FHFA: GSEs Sell $25 Billion in NPLs through 3Q
The Federal Housing Agency reported Fannie Mae and Freddie Mac sold nearly 131,000 non-performing loans with a total unpaid balance of $24.5 billion through June 30.
The agency’s Enterprise Non-Performing Loan Sales Report said the loans included in the NPL sales had an average delinquency of 2.9 years and an average current mark-to-market loan-to-value ratio of 91 percent (not including capitalized arrearages).
The figures represent totals from the programs inception in 2014 through June 30.
However, FHFA also reported loans that have been delinquent for more than a year in the GSEs’ portfolios totaled 331,148 in the first six months of 2021–the highest point since 2015. At the end of 2020, the total was 79,591; two years ago, it was 51,512. The sharp increase occurred amid federal and other mortgage forbearance programs.
Other report findings:
–The average delinquency for pools sold ranged from 1.4 years to 6.2 years.

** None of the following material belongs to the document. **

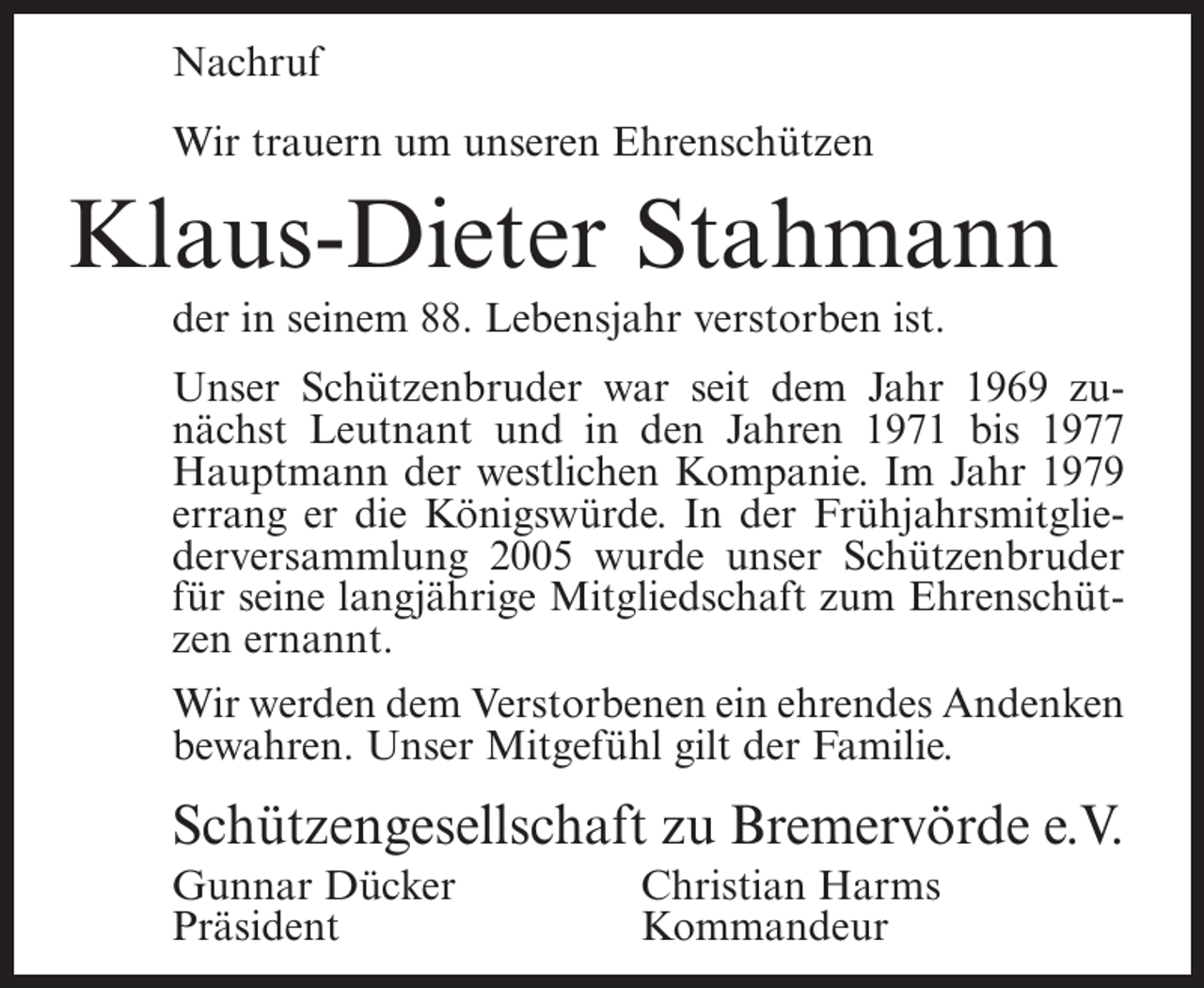 <p>Nachruf<br />Wir trauern um unseren Ehrenschützen</p><p>Klaus-Dieter Stahmann<br />der in seinem 88. Lebensjahr verstorben ist.<br />Unser Schützenbruder war seit dem Jahr 1969 zunächst Leutnant und in den Jahren 1971 bis 1977<br />Hauptmann der westlichen Kompanie. Im Jahr 1979<br />errang er die Königswürde. In der Frühjahrsmitgliederversammlung 2005 wurde unser Schützenbruder<br />für seine langjährige Mitgliedschaft zum Ehrenschützen ernannt.<br />Wir werden dem Verstorbenen ein ehrendes Andenken<br />bewahren. Unser Mitgefühl gilt der Familie.</p><p>Schützengesellschaft zu Bremervörde e.V.<br />Gunnar Dücker<br />Präsident</p><p>Christian Harms<br />Kommandeur</p>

–Fannie Mae has sold 86,216 loans with an aggregate UPB of $15.8 billion, an average delinquency of 3.0 years and an average LTV of 89 percent.
–Freddie Mac has sold 44,592 loans with an aggregate UPB of $8.7 billion, an average delinquency of 2.8 years and an average LTV of 95 percent.

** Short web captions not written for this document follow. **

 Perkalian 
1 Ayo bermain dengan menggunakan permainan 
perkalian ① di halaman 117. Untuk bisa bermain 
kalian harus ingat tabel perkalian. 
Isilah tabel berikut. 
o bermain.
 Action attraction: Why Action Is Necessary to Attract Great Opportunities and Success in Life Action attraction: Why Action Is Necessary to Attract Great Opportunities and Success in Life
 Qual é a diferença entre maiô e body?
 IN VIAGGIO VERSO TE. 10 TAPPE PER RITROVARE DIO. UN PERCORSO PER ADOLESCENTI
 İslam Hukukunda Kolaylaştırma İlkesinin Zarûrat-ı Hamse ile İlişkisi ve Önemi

–NPLs in New Jersey, New York and Florida represented nearly half (43 percent) of the NPLs sold.
–Borrower outcomes, based on 128,087 NPLs that were settled by December 31, 2020 and reported as of June 30, 2021, found compared to a benchmark of similarly delinquent Enterprise NPLs that were not sold, foreclosures avoided for sold NPLs were higher than the benchmark.

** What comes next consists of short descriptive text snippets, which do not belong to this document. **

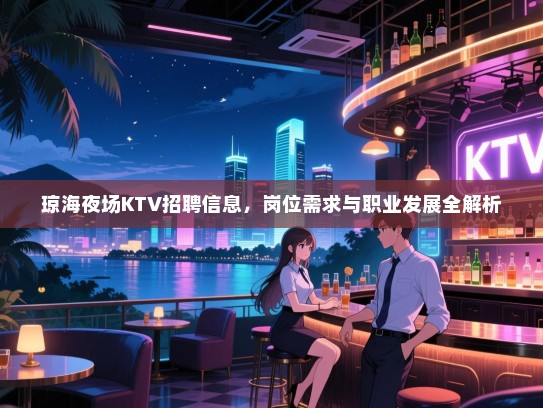 琼海夜场KTV招聘信息，岗位需求与职业发展全解析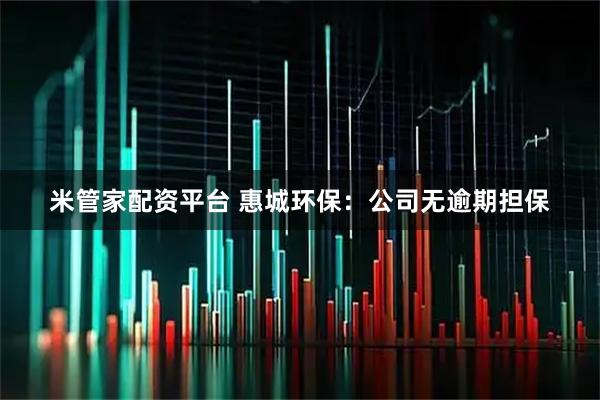 米管家配资平台 惠城环保：公司无逾期担保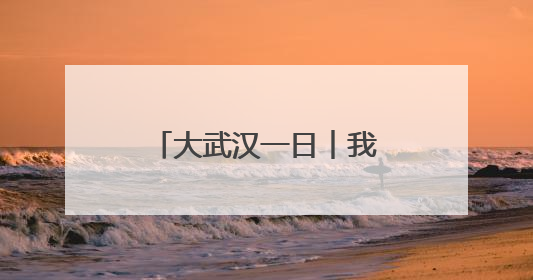 大武汉一日︱我为南昌女生拍下美丽“武汉”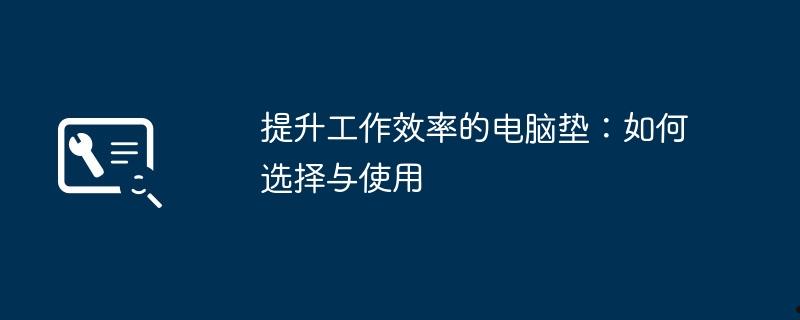 提升工作效率的电脑垫：如何选择与使用  第1张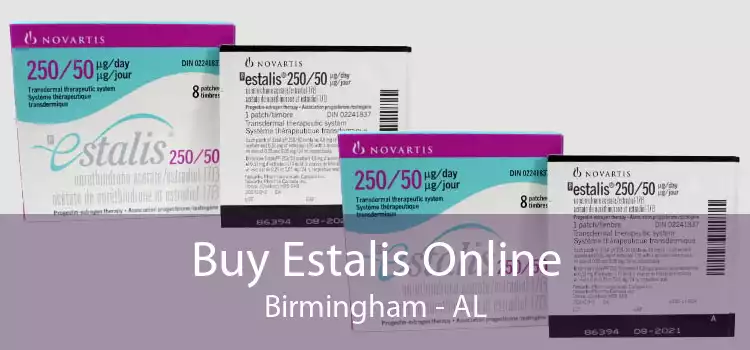 Buy Estalis Online Birmingham - AL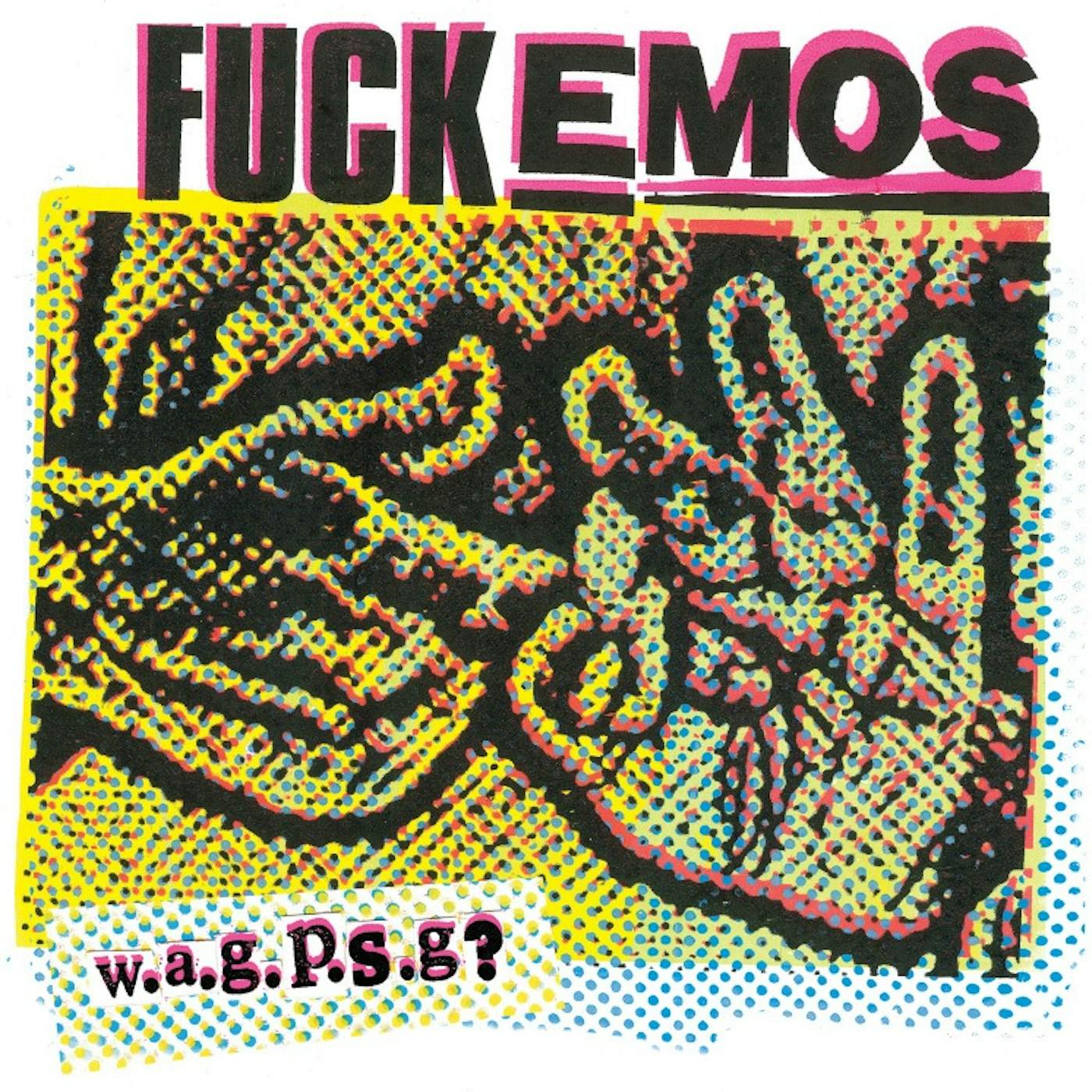 The FuckEmos W.A.G.P.S.G.? Vinyl Record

–NPLs on homes occupied by borrowers had the highest rate of foreclosure avoidance outcomes (41.2 percent foreclosure avoided versus 17.1 percent for vacant properties).
–NPLs on vacant homes had a much higher rate of foreclosure, more than double the foreclosure rate of borrower-occupied properties (77.4 percent foreclosure versus 33 percent for borrower occupied properties). Foreclosures on vacant homes typically improve neighborhood stability and reduce blight as the homes are sold or rented to new occupants.
–The average UPB of NPLs sold was $187,588.
FHFA said sale of NPLs reduces the number of delinquent loans in the Enterprises’ portfolios and transfers credit risk to the private sector. FHFA and the Enterprises impose requirements on NPL buyers designed to achieve more favorable outcomes for borrowers than foreclosure.